In optics and materials science, Condon model is a mathematical formula for the frequency dependence of the chirality parameter of bi-isotropic or bi-anisotropic media. It was reported by Edward Condon, William Altar and Henry Eyring in 1937 in its definitive form, with its earlier forms being introduced by Max Born, Heinrich Gerhard Kuhn and Léon Rosenfeld, among others.

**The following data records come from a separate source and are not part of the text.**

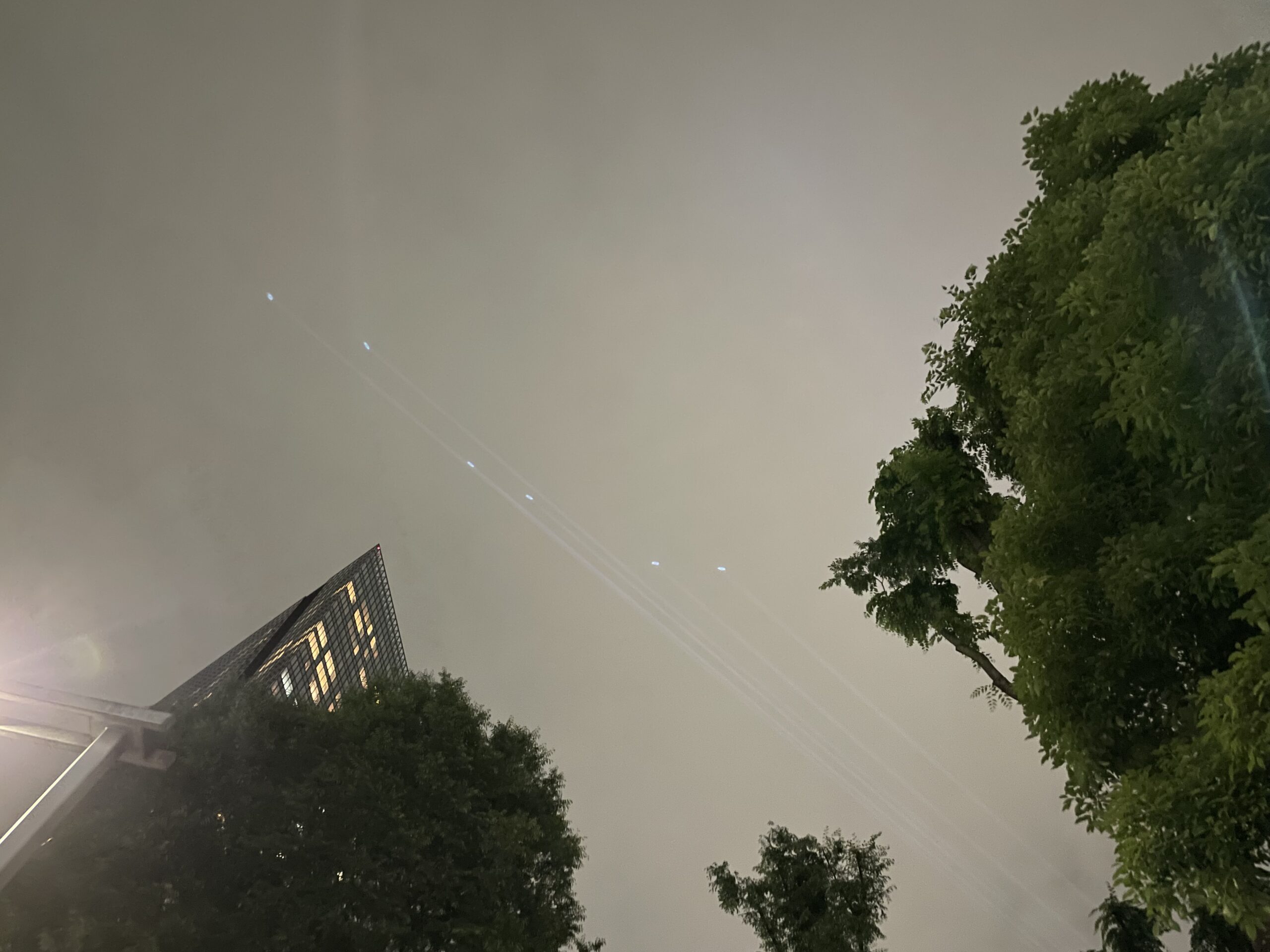 夜空に規則正しく並ぶ青い光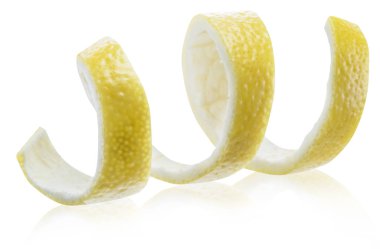 Limon kabuğu veya beyaz zemin üzerine limon twist. Dosyada, kırpma yolu.
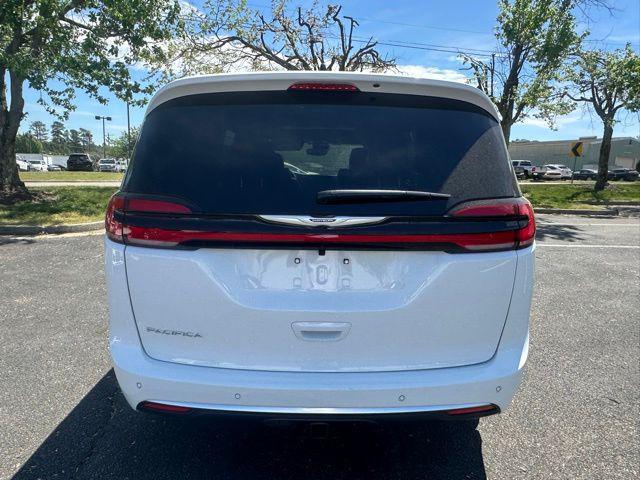 new 2026 Chrysler Pacifica car, priced at $55,441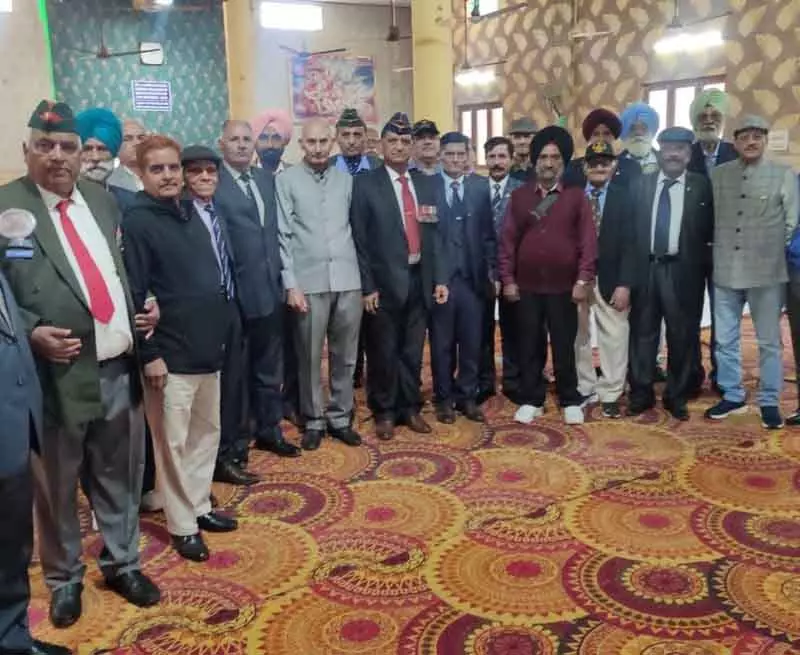 Ambala पूर्व सैनिकों ने वन रैंक वन पेंशन योजना में खामियों को लेकर सरकार को किया आलोचित Ambala पूर्व सैनिकों ने वन रैंक वन पेंशन योजना में खामियों को लेकर सरकार को किया आलोचित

==Mathematical formulation==
Electric and magnetic constitutive relations for a dispersive and reciprocal chiral material are written as:
$\textbf{D} = \varepsilon(\omega) \textbf{E} - i \kappa(\omega) \sqrt{\varepsilon (\omega) \mu (\omega)} \textbf{H}$
$\textbf{B} = \mu(\omega) \textbf{H} + i \kappa(\omega) \sqrt{\varepsilon (\omega) \mu (\omega)} \textbf{E}$

where $\varepsilon(\omega)$ and $\mu(\omega)$ are the frequency-dependent permittivity and magnetic susceptibility. $\kappa(\omega)$ denotes the chirality parameter for magnetoelectric coupling. Using a quantum mechanical treatment of molecular transitions that facilitate chiral behavior, Condon et al. arrives at a single oscillator oscillator expression for the chirality parameter, known as "the one‐electron rotatory power":

$\kappa(\omega) = \frac{\omega R}{\omega^2 - \omega^2 - i \omega \Gamma}$

where
- $\omega_{0}$ is the angular resonant frequency of the molecular transition.
- $\Gamma$ is the damping term.
- $R$ is the rotational strength of the molecular transition.

Alternatively, an expression with multiple oscillators can be used to denote multiple molecular transition between the states$a$ to $b$:

$\kappa(\omega) = \sum_b \frac{\omega R_{ba}}{\omega_{0,ba}^2 - \omega^2 - i \omega \Gamma_{ba}}$

Under passivity constraints, imaginary parts of the complex Condon expression and the other constitutive paremeters obey the inequality:

$\text{Im}\left[\kappa(\omega)\right]^2 < \text{Im}\left[\varepsilon(\omega)\right]\; \text{Im}\left[\mu(\omega)\right] c_0^2$

where $c_0$ is the speed of light in vacuum. The model is often approximated with a single-pole oscillator whose resonance lies far away from other molecular transitions. The presence of angular frequency ($\omega$) term in the numerator suggests the absence of chirality in the static limit. Since the model is causal and thus obeys the Kramers–Kronig relations, it is used in the time-domain analytical and numerical modeling of wave propagation in chiral media.

Condon model parameters of chiral materials such as glucose solutions and metamaterials can be retrieved from experimental measurements of optical rotatory dispersion and electromagnetic simulation data.